I use my garage for a workshop and it had an electrical supply already installed when I moved in. The box marked 'M' in a red circle is the mains switch which runs back to a fuse box in my kitchen. There are three lines out of it, one powering the sockets dotted around the garage, a second runs to my studio, powering the sockets in there and the third (marked FM in the blue circle) runs to the unfused switch on the left of the photo. A spur from this (marked ESL in the green circle) to the fused switch goes to a exterior PIR that I'd forgotten was even there. The other line (IL in the yellow oval) used to run to an old strip light which flickered so bad it was like a disco strobe. I took that out some years ago and converted the cable to terminate in a standard 3 pin socket into which I plugged a site lamp. That worked fine till earlier this year when I managed to trap the site lamp's cable which blew the bulb and tripped out the circuit breaker in the kitchen.

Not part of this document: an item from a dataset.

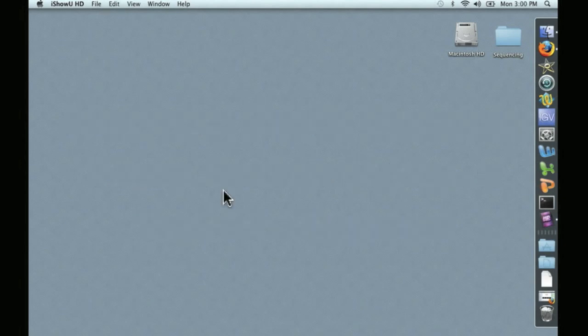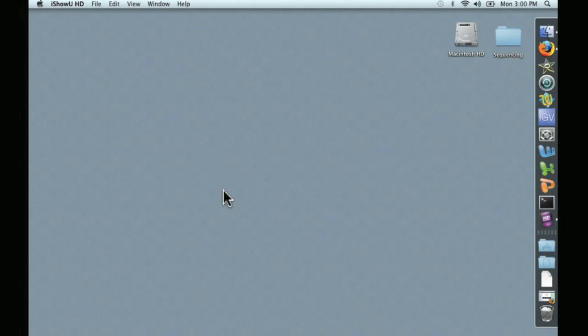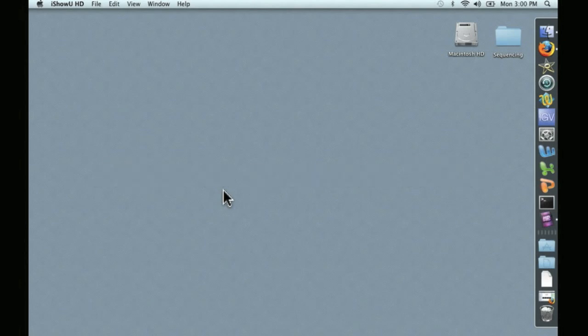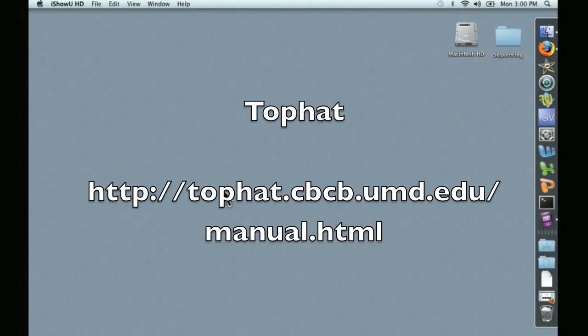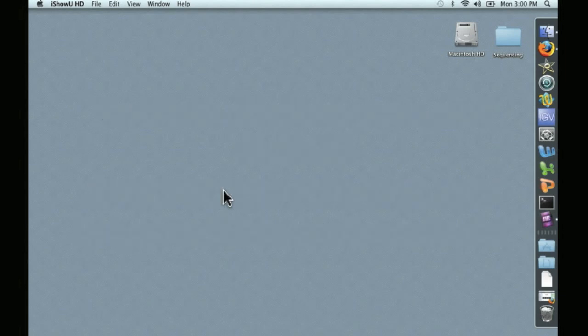In this video, we're going to take two publicly available RNA-seq datasets from an experiment on rice, go through an alignment to genomic DNA using a program called TopHat, and then using a suite of software called Cufflinks, CuffCompare, and CuffDiff, we're going to perform an actual statistical analysis looking for differences in gene expression between these two datasets.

I replaced the lamp, reset the CB and power was resumed - except in the lamp. I checked the bulb was properly seated and tried several others but it still didn't light up. Plugged the lamp into one of the other sockets and it worked fine. Tried something else in the IL socket and nothing.

I was puzzled as to why a blown lamp would cause a socket to stop working. I have since removed the socket, connected it to a length of flex with a 13a plug to make a short extension lead and that works fine. I've tried other sockets - including a brand new one purchased today - and still nothing. Could it be a fault within the left hand switch?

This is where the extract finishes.